We have consecrated Ron Jackson as the new bishop for the Diocese of the Great Lakes, and this week at our upcoming meeting we will examine the election of the new bishop of Pittsburgh to follow retiring bishop, Archbishop Emeritus Bob Duncan.  With the help of Canon Phil Ashey and the American Anglican Council, we held our first official Bishops’ Leadership Summit at the Billy Graham Training Center at the Cove in North Carolina, an event designed to train bishops to be bishops.

With the inspiration of Archbishop Rwaje and the Rwandan House of Bishops, two of the PEARUSA networks are becoming dioceses of the ACNA. The Church of Rwanda is releasing its clergy and congregations into the Anglican Church in North America. Although they have been dual citizens (resident in both Provinces), the Rwandans concluded that now that we have a mature Anglican Province in North America, there was no longer a need for a missionary district of PEAR (Rwanda) here.  At this Council the Governance Task Force will present resolutions to create two new dioceses out of two of the PEARUSA networks under the leadership of Bishop Steve Breedlove and Bishop Ken Ross.  The third PEARUSA Network is merging with several dioceses and Bishop David Bryan has been elected to serve as a Suffragan bishop of the Diocese of the Carolinas, where most of the clergy and congregations have become domicile.  Thank you, Archbishop Rwaje for your leadership and inspiration.

With the retirement of Bishop Win Mott, the REC Diocese of the West has merged its congregations with other existing dioceses and this will not only strengthen those dioceses, but will eliminate some of our overlapping jurisdiction issues.

I must say, as I have said in the past, that it is a great privilege to serve with these bishops – they are the godliest men I have ever met and they exemplify the integrity of Jesus Christ and the fruit of the Holy Spirit.
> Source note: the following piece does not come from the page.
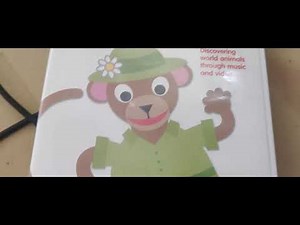 World Animals Late-2002 DVD Review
I want to thank Bishop Terrell Glenn, the Assisting Bishop of the Diocese of the Western Gulf Coast and rector of the church plant, Church of the Apostles in Houston, for his service as Dean of College Affairs – as a volunteer.

Provincial Affairs

After 6 years as a Province, we have almost a thousand churches, over 111,000 members, over 1700 clergy, 29 dioceses, plus the Jurisdiction for the Armed Forces and Chaplaincy, 51 bishops.  We have over 350 missionaries serving in cross-cultural ministry around the world through the Global Anglican Mission Partners, and we have hundreds of parishes engaged in Matthew 25 kinds of ministry to the poor and neglected people in our communities. 
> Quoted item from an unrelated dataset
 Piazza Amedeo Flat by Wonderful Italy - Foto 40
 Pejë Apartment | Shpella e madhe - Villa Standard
Through the Matthew 25 gifting of grants matching the local congregation’s ministry funds, we (the ACNA) will have poured hundreds of thousands of dollars in the past year into 24 congregational projects feeding the poor, serving the homeless, caring for orphans, helping single mothers, providing legal aid, ministering to at-risk children and teens, and so much more – all in the Name of the Christ and with the message of the Gospel.  Thank you, Canon David Roseberry for your leadership of Matthew 25.
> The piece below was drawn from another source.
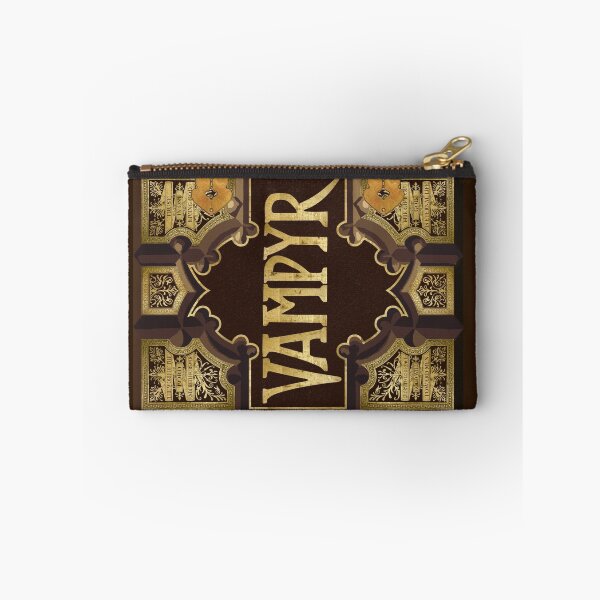 Item preview, Libro Vampyr designed and sold by BovaArt.
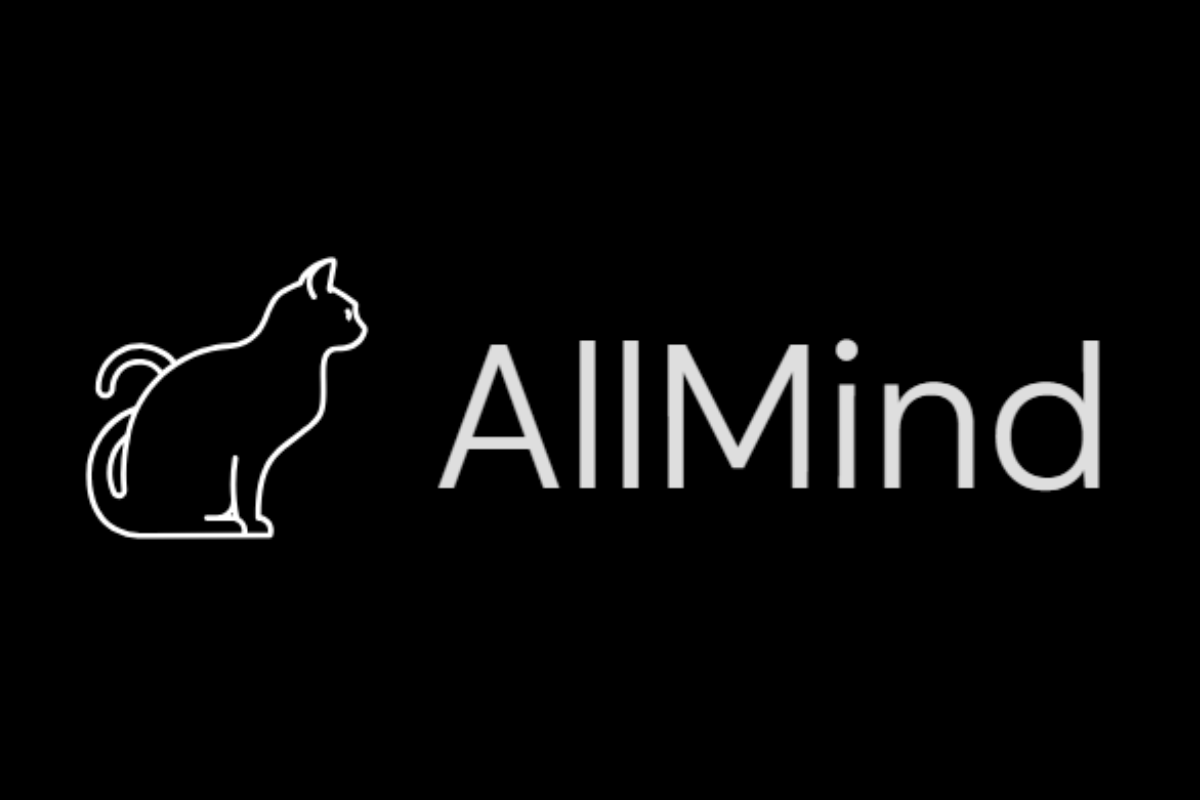 allmind.ai logo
It has been just over a year since this community here in Charleston lost nine precious souls, including Myra Thompson, the wife of our own REC priest, Anthony Thompson, when a young gunman killed them while attending a Bible Study at “Mother” Emmanuel AME Church. We praise God for Fr. Thompson’s powerful words of grace which he addressed to the shooter in court, when he forgave his wife’s killer and called upon him to repent and give his life to Christ. This tragedy among so many has highlighted the need for serious discussions on race relations, and we are working to be a Church where all feel safe under the shelter of His Wings.  I am grateful to be a part of a Church who believes what the Bible teaches – that God loves everyone regardless of the color of their skin or the depth of their sin.

Of course our hearts are still very heavy over the senseless acts of evil in Orlando last week.  The killing of “The Voice” singer, 22 year-old Christina Grimmie on Friday, and then the horrible and evil attack on The Pulse Night Club have shocked, stunned and awakened the nation.  While we still don’t know all the details of these events yet, we know the latter was rooted in the shooter’s Islamic beliefs and perhaps in his own sexual identity issues. 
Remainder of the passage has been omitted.